(Problem): Begin with the line holding "Work Out The" and end with the last line of the records below. Set down exactly those lines and leave out every picture.

(Short descriptive text snippets):
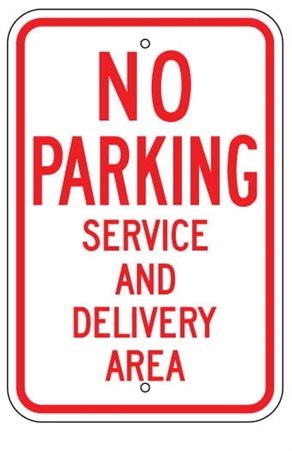 NO PARKING SERVICE AND DELIVERY AREA SIGN - 12 X 18 - Type I Engineer Grade Prismatic Reflective – Heavy Duty .080 Aluminum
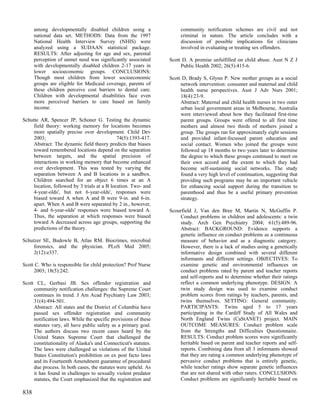 among developmentally disabled children using a                 community notification schemes are civil and not
      national data set. METHODS: Data from the 1997                  criminal in nature. The article concludes with a
      National Health Interview Survey (NHIS) were                    discussion of possible implications for clinicians
      analyzed using a SUDAAN statistical package.                    involved in evaluating or treating sex offenders.
      RESULTS: After adjusting for age and sex, parental
      perception of unmet need was significantly associated      Scott D. A promise unfulfilled on child abuse. Aust N Z J
      with developmentally disabled children 2-17 years in            Public Health 2002; 26(5):415-6.
      lower socioeconomic groups. CONCLUSIONS:
      Though most children from lower socioeconomic              Scott D, Brady S, Glynn P. New mother groups as a social
      groups are eligible for Medicaid coverage, parents of           network intervention: consumer and maternal and child
      these children perceive cost barriers to dental care.           health nurse perspectives. Aust J Adv Nurs 2001;
      Children with developmental disabilities face even              18(4):23-9.
      more perceived barriers to care based on family                 Abstract: Maternal and child health nurses in two outer
      income.                                                         urban local government areas in Melbourne, Australia
                                                                      were interviewed about how they facilitated first-time
Schutte AR, Spencer JP, Schoner G. Testing the dynamic                parent groups. Groups were offered to all first time
     field theory: working memory for locations becomes               mothers and almost two thirds of mothers joined a
     more spatially precise over development. Child Dev               group. The groups ran for approximately eight sessions
     2003;                                    74(5):1393-417.         and provided infant-focussed parent education and
     Abstract: The dynamic field theory predicts that biases          social contact. Women who joined the groups were
     toward remembered locations depend on the separation             followed up 18 months to two years later to determine
     between targets, and the spatial precision of                    the degree to which these groups continued to meet on
     interactions in working memory that become enhanced              their own accord and the extent to which they had
     over development. This was tested by varying the                 become self-sustaining social networks. The study
     separation between A and B locations in a sandbox.               found a very high level of continuation, suggesting that
     Children searched for an object 6 times at an A                  providing such programs may be an important vehicle
     location, followed by 3 trials at a B location. Two- and         for enhancing social support during the transition to
     4-year-olds', but not 6-year-olds', responses were               parenthood and thus be a useful primary prevention
     biased toward A when A and B were 9-in. and 6-in.                strategy.
     apart. When A and B were separated by 2 in., however,
     4- and 6-year-olds' responses were biased toward A.         Scourfield J, Van den Bree M, Martin N, McGuffin P.
     Thus, the separation at which responses were biased             Conduct problems in children and adolescents: a twin
     toward A decreased across age groups, supporting the            study. Arch Gen Psychiatry 2004; 61(5):489-96.
     predictions of the theory.                                      Abstract: BACKGROUND: Evidence supports a
                                                                     genetic influence on conduct problems as a continuous
Schutzer SE, Budowle B, Atlas RM. Biocrimes, microbial               measure of behavior and as a diagnostic category.
     forensics, and the physician. PLoS Med 2005;                    However, there is a lack of studies using a genetically
     2(12):e337.                                                     informative design combined with several different
                                                                     informants and different settings. OBJECTIVES: To
Scott C. Who is responsible for child protection? Prof Nurse         examine genetic and environmental influences on
     2003; 18(5):242.                                                conduct problems rated by parent and teacher reports
                                                                     and self-reports and to determine whether their ratings
Scott CL, Gerbasi JB. Sex offender registration and                  reflect a common underlying phenotype. DESIGN: A
     community notification challenges: the Supreme Court            twin study design was used to examine conduct
     continues its trend. J Am Acad Psychiatry Law 2003;             problem scores from ratings by teachers, parents, and
     31(4):494-501.                                                  twins themselves. SETTING: General community.
     Abstract: All states and the District of Columbia have          PARTICIPANTS: Twins aged 5 to 17 years
     passed sex offender registration and community                  participating in the Cardiff Study of All Wales and
     notification laws. While the specific provisions of these       North England Twins (CaStANET) project. MAIN
     statutes vary, all have public safety as a primary goal.        OUTCOME MEASURES: Conduct problem scale
     The authors discuss two recent cases heard by the               from the Strengths and Difficulties Questionnaire.
     United States Supreme Court that challenged the                 RESULTS: Conduct problem scores were significantly
     constitutionality of Alaska's and Connecticut's statutes.       heritable based on parent and teacher reports and self-
     The laws were challenged as violations of the United            reports. Combining data from all 3 informants showed
     States Constitution's prohibition on ex post facto laws         that they are rating a common underlying phenotype of
     and its Fourteenth Amendment guarantee of procedural            pervasive conduct problems that is entirely genetic,
     due process. In both cases, the statutes were upheld. As        while teacher ratings show separate genetic influences
     it has found in challenges to sexually violent predator         that are not shared with other raters. CONCLUSIONS:
     statutes, the Court emphasized that the registration and        Conduct problems are significantly heritable based on

838
 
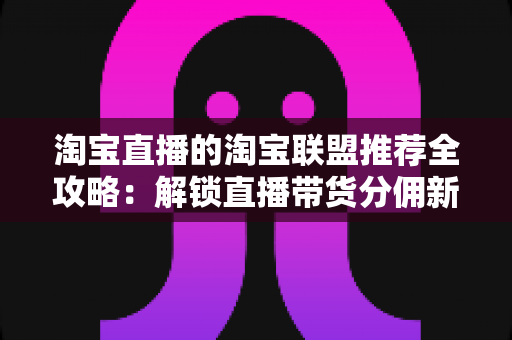 淘宝直播的淘宝联盟推荐全攻略:解锁直播带货分佣新机遇的实战指南 淘宝直播的淘宝联盟推荐全攻略:解锁直播带货分佣新机遇的实战指南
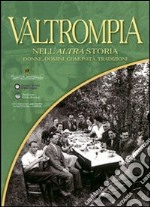 Valtrompia nell'altra storia. Donne, uomini, comunità, tradizioni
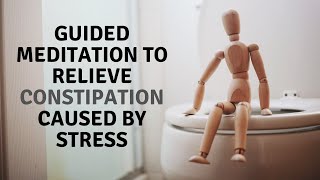Guided Meditation to Relieve Constipation Caused by Stress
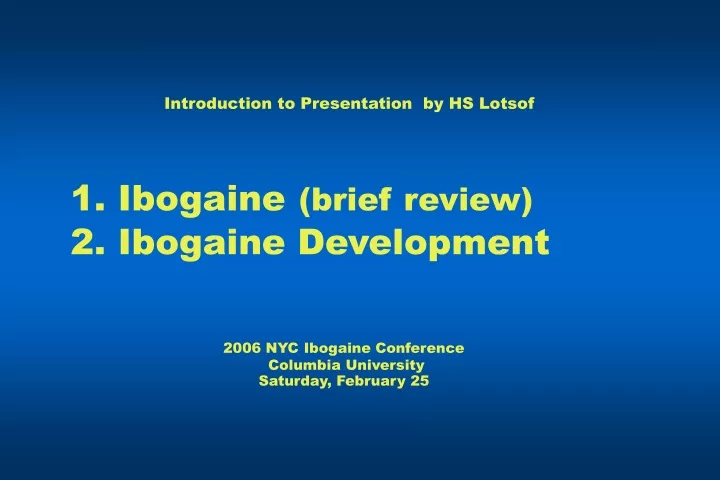 1 ibogaine brief review 2 ibogaine development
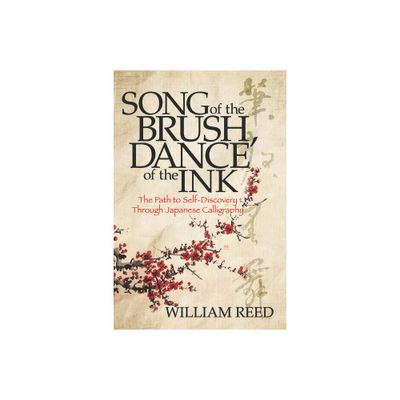 Song of the Brush, Dance of the Ink - by William Reed (Paperback)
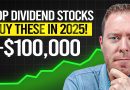 10 Top Dividend Stocks for 2025
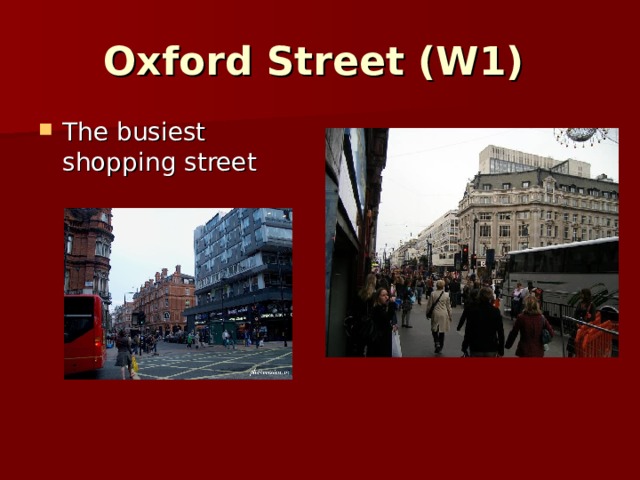Oxford Street (W1)  The busiest shopping street 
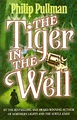 The Tiger in the Well (Sally Lockhart, #3) by Philip Pullman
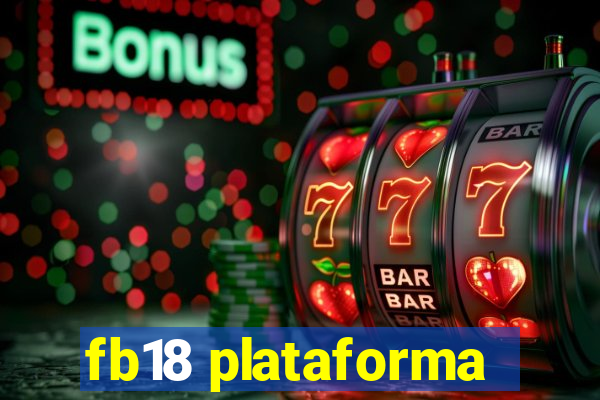 fb18 plataforma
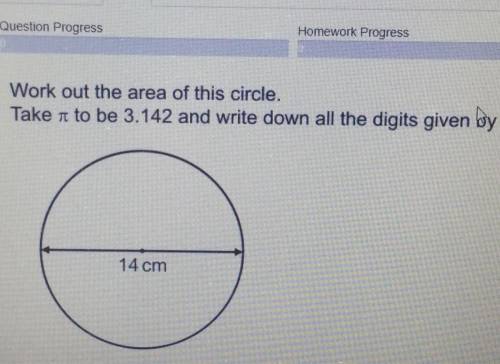 Work Out The Area of this circle. Take n to be 3.142 and write down all the digits given by your ca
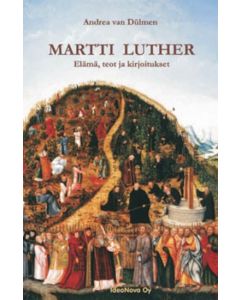 Martti Luther, elämä, teot ja kirjoitukset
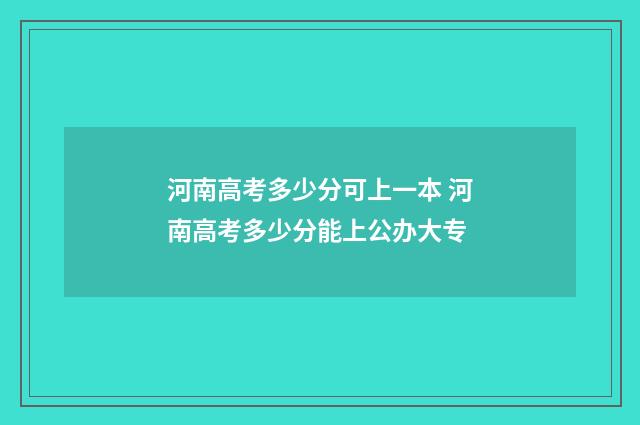 河南高考多少分可上一本 河南高考多少分能上公办大专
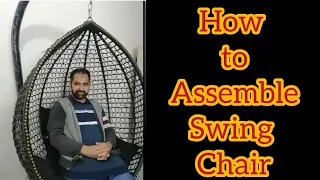 How to Assemble Swing Chair |How to Install Hanging Egg Chair| Swing Chair Assembly |Stay Optimistic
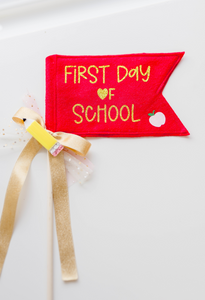 Pennant Flag - First Day of School RED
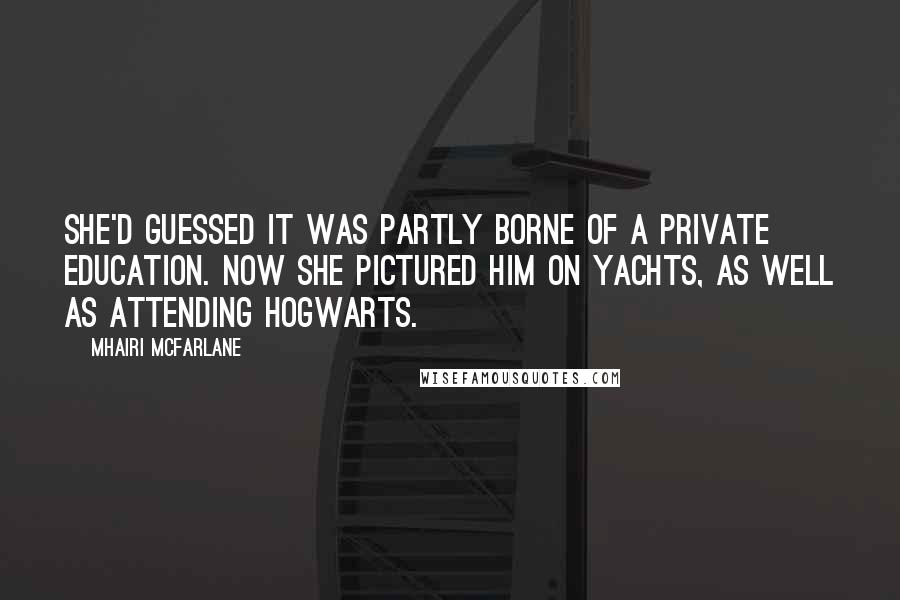 Mhairi McFarlane Quotes: She'd guessed it was partly borne of a private education. Now she pictured him on yachts, as well as attending Hogwarts.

(Your response):
 Work Out The Area of this circle. Take n to be 3.142 and write down all the digits given by your ca
 Martti Luther, elämä, teot ja kirjoitukset
 河南高考多少分可上一本 河南高考多少分能上公办大专
 How to Assemble Swing Chair |How to Install Hanging Egg Chair| Swing Chair Assembly |Stay Optimistic
 Pennant Flag - First Day of School RED
 Mhairi McFarlane Quotes: She'd guessed it was partly borne of a private education. Now she pictured him on yachts, as well as attending Hogwarts.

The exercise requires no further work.